As we round the corner, the marina and the oak hull and folded sails of the Katrin come into view. An ex-North Sea crabber, the Katrin has been a dolphin watching vessel for over 12 years and her build means that she lies low in the water which makes for easier spotting of the dolphins. On board with us are two volunteers from the Atlantic Whale Foundation (AWF), the watchdog organisation that works with operators and local fishermen to ensure that international guidelines for whale and dolphin watching are strictly adhered to.

Tenerife is one of the most popular places on the planet to see cetaceans (whales, dolphins, porpoises) due to the rich feeding grounds of microscopic marine life that lie in the deep, warm waters off the west coast – a cetacean ‘eat as much as you like buffet’. No less than 28 species of whales and dolphins frequent these waters on their migratory routes and it’s possible to spot minke, sperm and even killer whales if you’re lucky. With a community of bottle nosed dolphins and one of pilot whales living in the waters too, you’re almost guaranteed sightings on every trip.

We set off promptly, just 20 of us on board including the two girls from the AWF which means lots of space to pick your spot on bow watch. Behind us, the sheer cliffs that loom above the resort giving it it’s name (the giants), slip further into the distance. For a minute it looks as if we’ll leave the cloud behind and find sun out to sea, but it’s just a tease and the cloud hangs persistently.

Along with everyone else, I’m scanning the horizon for the tell tale signs of a fin, but nothing is making an appearance. The girls from AWF tell us that the dolphins are like tourists – they prefer sunny days and most of their best sightings are in full sunshine.
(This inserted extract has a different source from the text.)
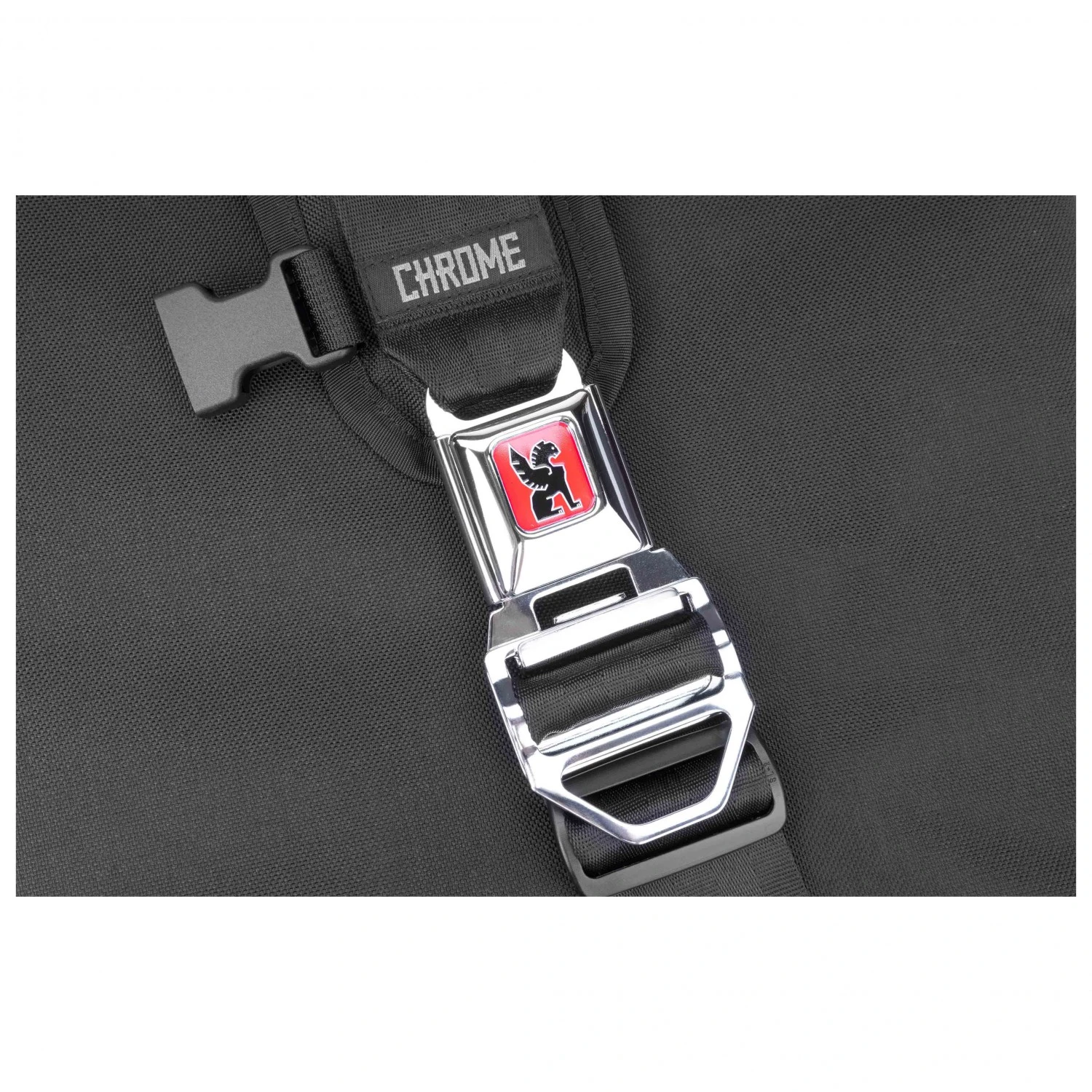 Chrome Citizen - Shoulder Bag 8 Chrome Citizen - Shoulder Bag - Image 6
I’m beginning to think that we’ve lucked out and will be the only people ever to have gone dolphin watching and not seen a dolphin when the cry goes out to look off the starboard bow. Not knowing where starboard is, I follow everyone else’s gaze and spot the fin slicing through the water in the middle distance like a silent hot knife through molasses.

It’s too far away and I’m squinting into the horizon when suddenly something catches my eye and I look down to see a large bottle nosed dolphin swimming right alongside the hull, its sleek silver body staying perfectly parallel to the hull. It’s the most incredible moment and more follow as the trip continues. I have rarely felt so privileged, just to be so close to these beautiful creatures in their natural environment.

Fact File
Several boats operate dolphin watching trips twice a day from Los Gigantes harbour at a cost of €20 – €25 per person for a two hour trip. Choose operators who fly the yellow barco azul flag which denotes adherence to international guidelines for whale and dolphin watching.